#### [THE PROBLEM]
Would you retype, word for word, only the lines from the one holding "2024 Toyota RAV4 LE-18" through the final line of the entries below, without the pictures?

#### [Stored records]
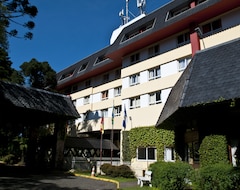 Khách sạn Tri Hotel (Canela, Brazil)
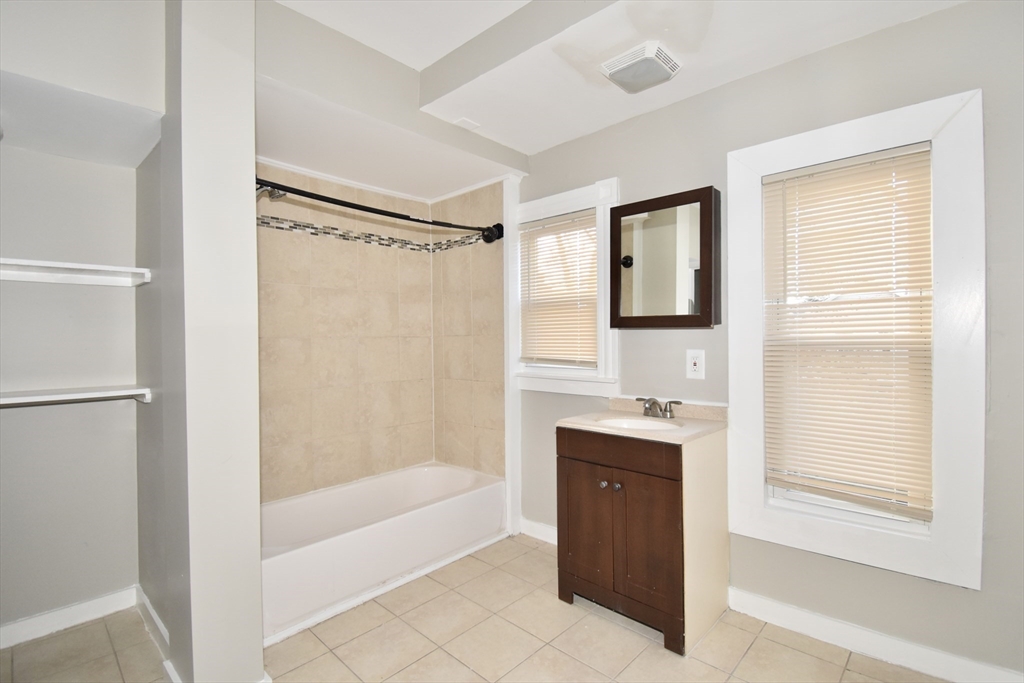 14 Lafayette Street Springfield, MA 01109 - Photo 19 of 30 Gallery Image 19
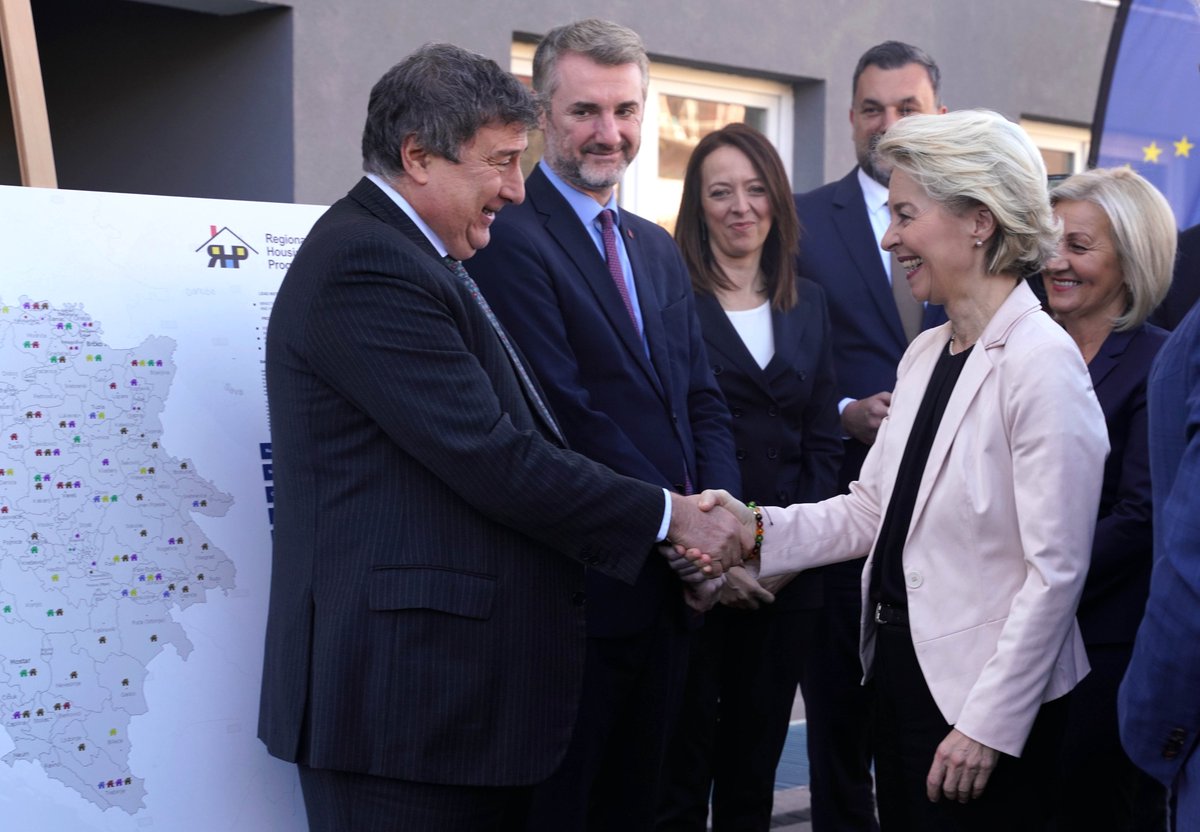 RHP_RSP's tweet photo. “A heart-warming moment” 👉 @EU_Commission President von der Leyen, BiH Council of Ministers Chairwoman Krišto and #CEB Governor Monticelli celebrate achievements of #RHP in Western Balkans. 👏👏 ➡️ https://t.co/jxR5SyNjNI https://t.co/ne5usUSp0D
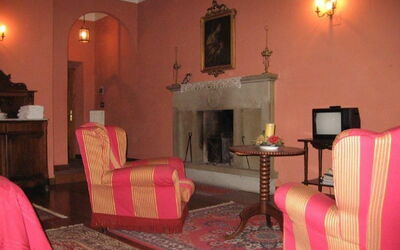 The Duke: Marco, Mueble, Decoración, Comodidad, Edificio, Naranja, Madera, Encendiendo, Diseño De Interiores, Lámpara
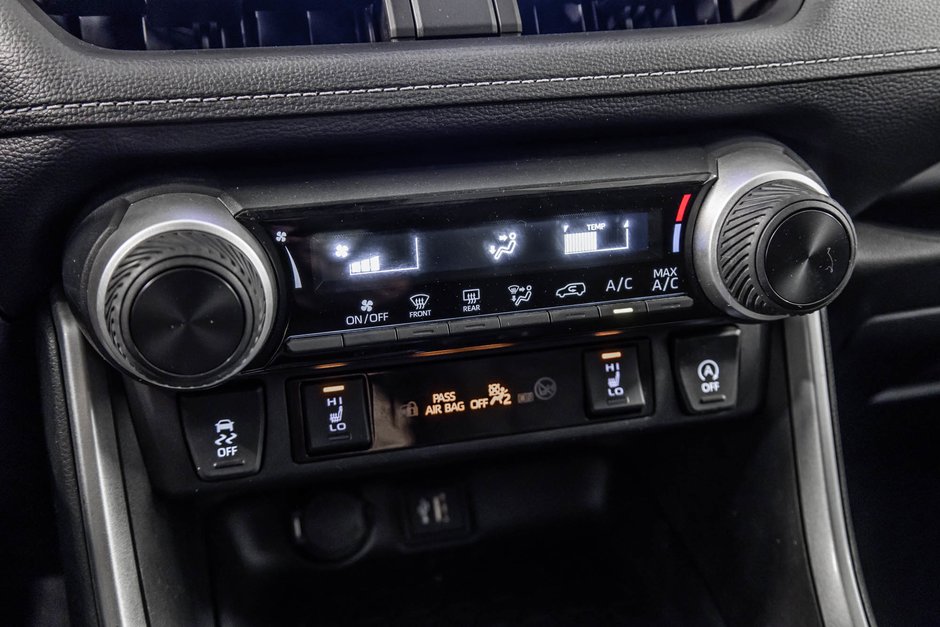 2024 Toyota RAV4 LE-18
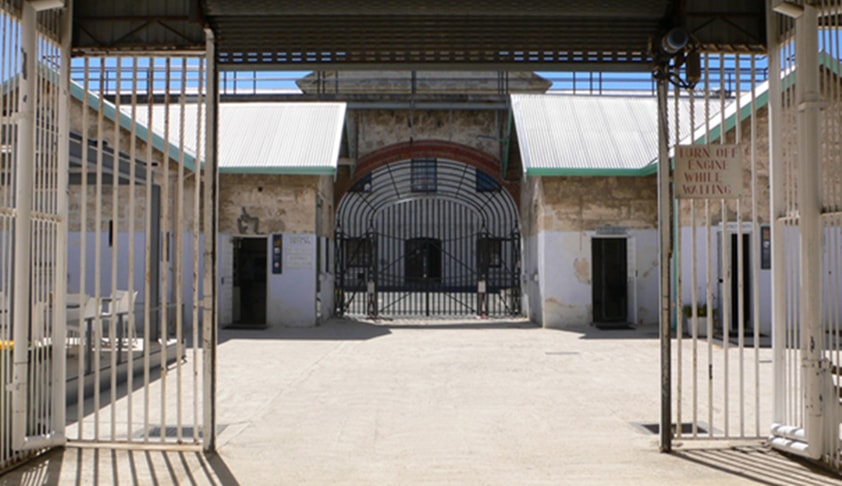 SC Asks States, UTs To Seriously Consider Feasibility Of Establishing Open Prisons In As Many Locations As Possible [Read Order]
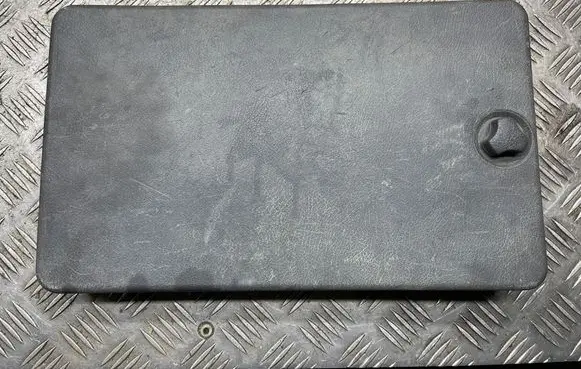 Mitsubishi Pajero Tool box 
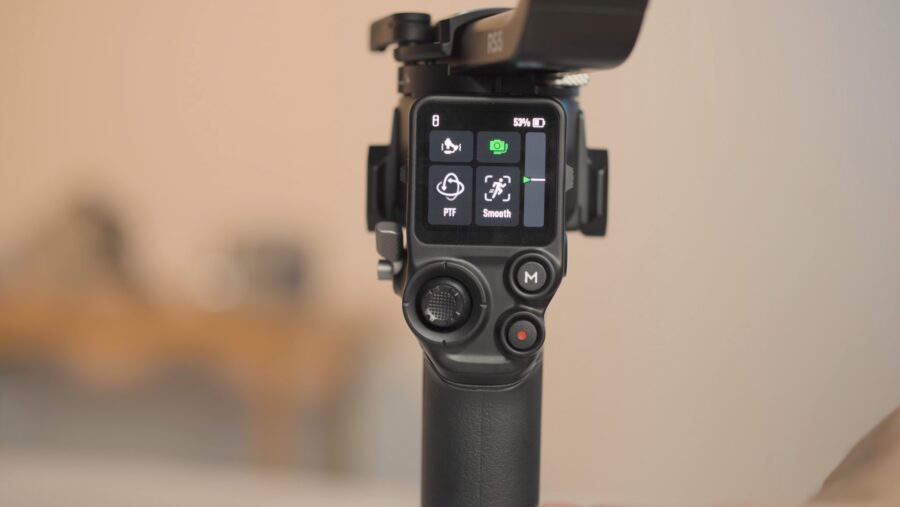 Thao tác quay góc thấp tự nhiên với tay cầm điện tử trên DJI RS 5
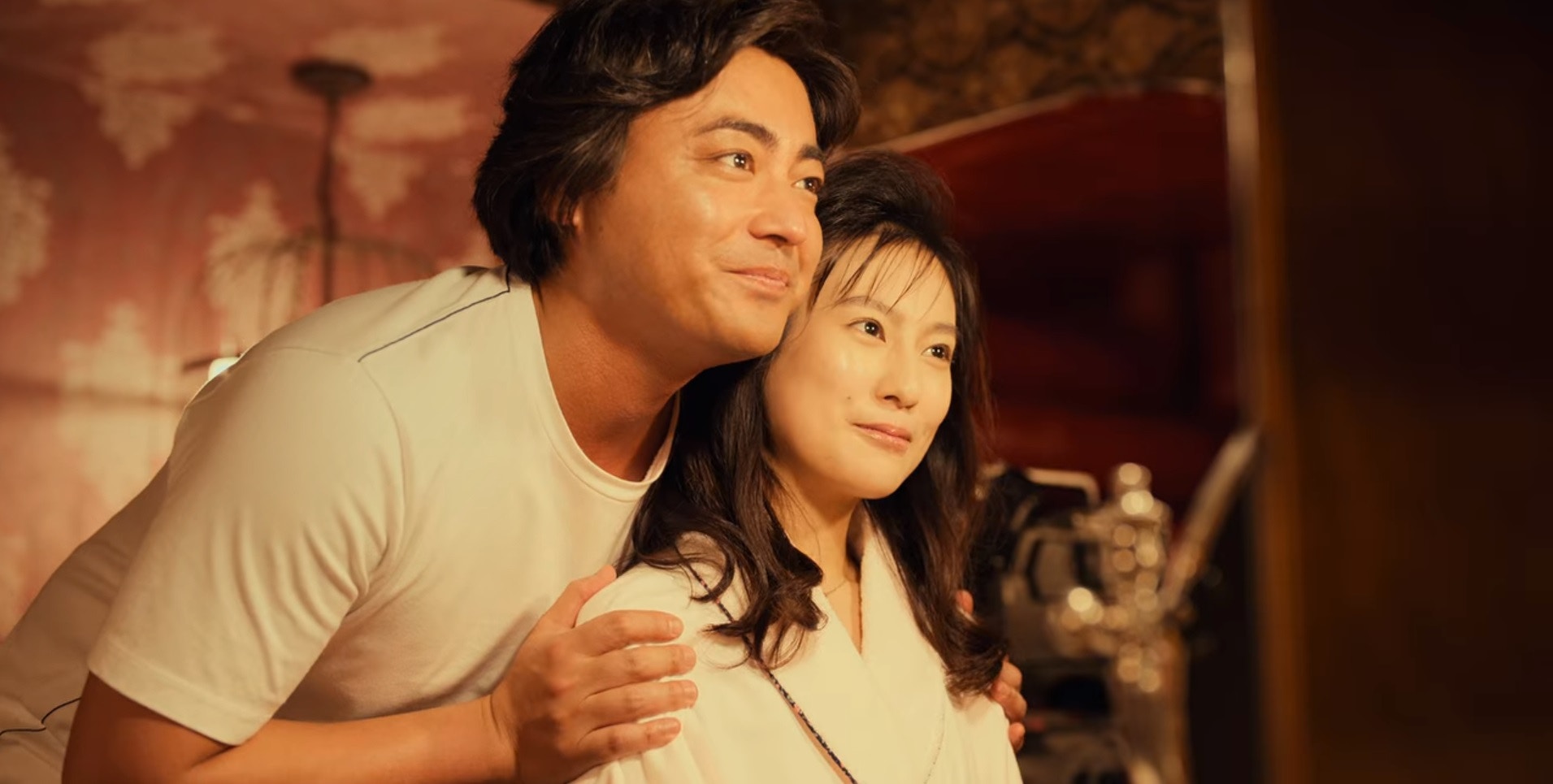 在《全裸監督》，跟山田孝之有肉搏演出。(《全裸監督》影片截圖)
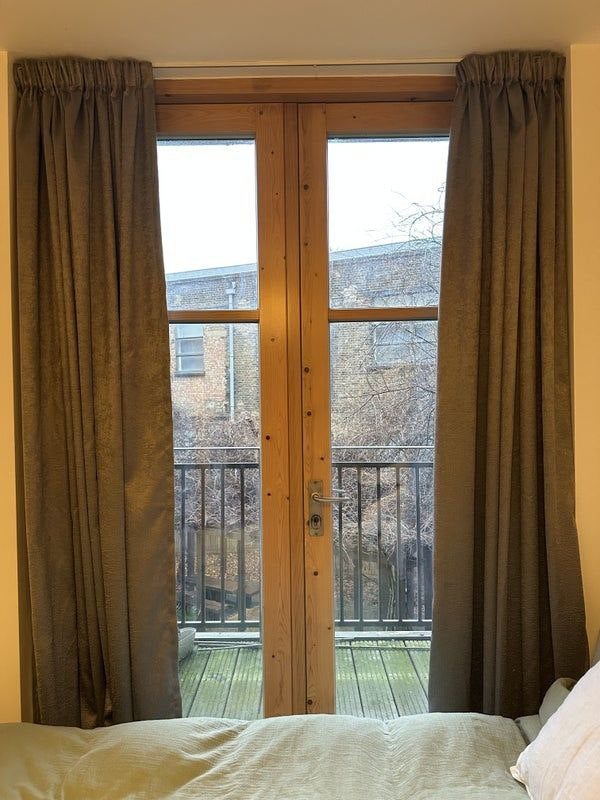 Room Holloway Road in Greater London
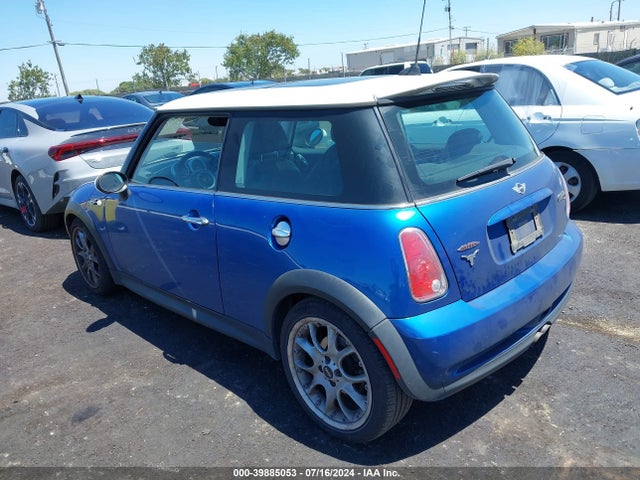 2006 MINI COOPER S WMWRE33526TL24346 Photo 2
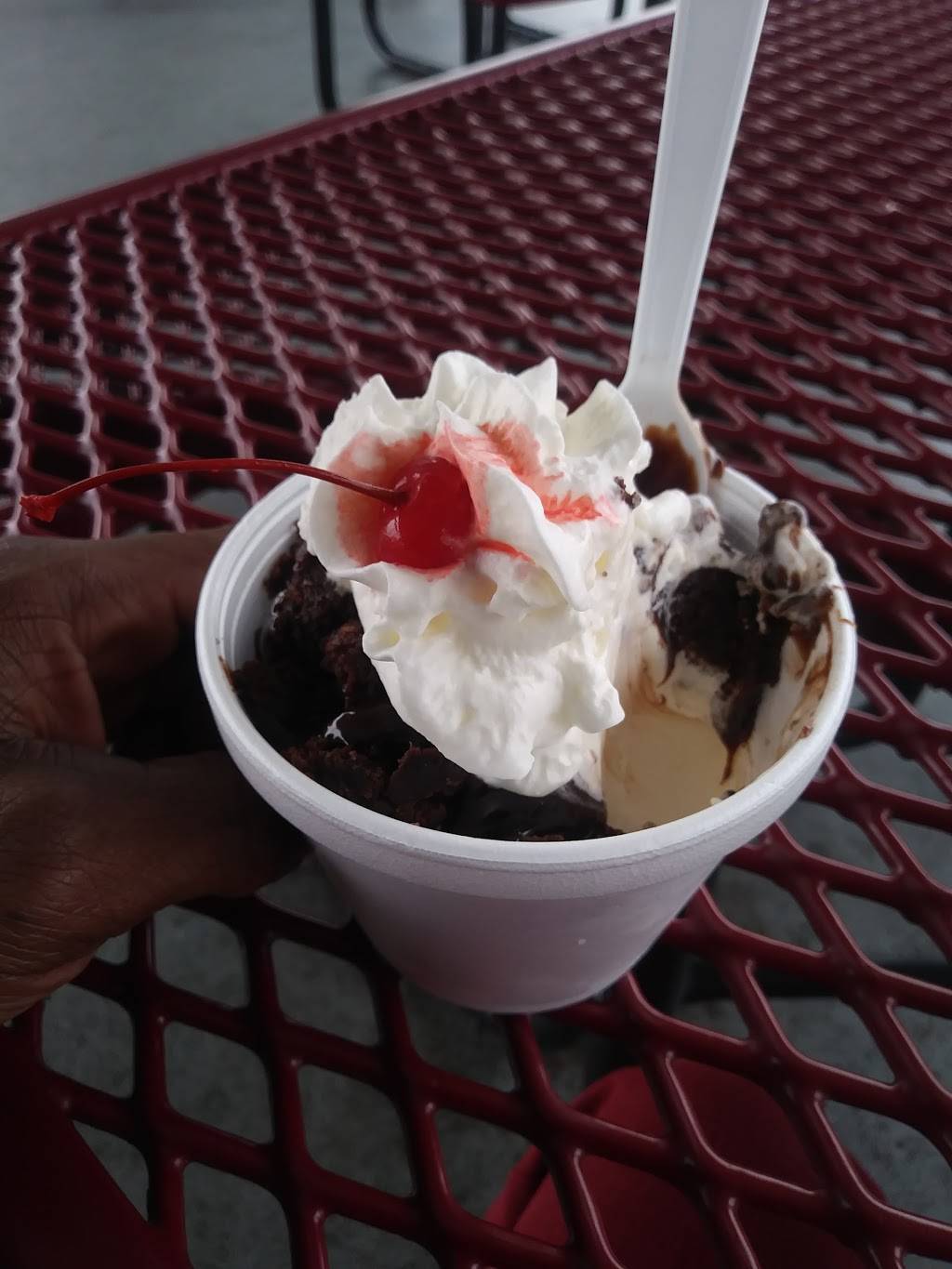 Ricks Frozen Custard | restaurant | 2829 Airline Blvd, Portsmouth, VA 23701, USA | 7574657681 OR +1 757-465-7681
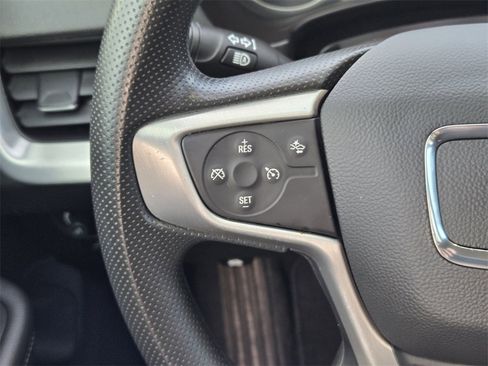 Used 2022 GMC Terrain SLE w/ Driver Convenience Package image 25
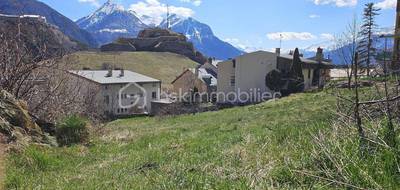 Terrain à Briançon en Hautes-Alpes (05) de 778 m² à vendre au prix de 356000€ - 2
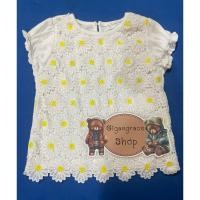 ราคา เสื้อเด็กมือสอง แขนตุ๊กตา ด้านหน้าเป็นผ้าฉลุดอกไม้ สีขาว Size 120 งานป้ายของแท้ สภาพ 95 (29762883818)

#### [RESULT OF THIS EXERCISE]
 2024 Toyota RAV4 LE-18
 SC Asks States, UTs To Seriously Consider Feasibility Of Establishing Open Prisons In As Many Locations As Possible [Read Order]
 Mitsubishi Pajero Tool box 
 Thao tác quay góc thấp tự nhiên với tay cầm điện tử trên DJI RS 5
 在《全裸監督》，跟山田孝之有肉搏演出。(《全裸監督》影片截圖)
 Room Holloway Road in Greater London
 2006 MINI COOPER S WMWRE33526TL24346 Photo 2
 Ricks Frozen Custard | restaurant | 2829 Airline Blvd, Portsmouth, VA 23701, USA | 7574657681 OR +1 757-465-7681
 Used 2022 GMC Terrain SLE w/ Driver Convenience Package image 25
 Terrain à Briançon en Hautes-Alpes (05) de 778 m² à vendre au prix de 356000€ - 2
 ราคา เสื้อเด็กมือสอง แขนตุ๊กตา ด้านหน้าเป็นผ้าฉลุดอกไม้ สีขาว Size 120 งานป้ายของแท้ สภาพ 95 (29762883818)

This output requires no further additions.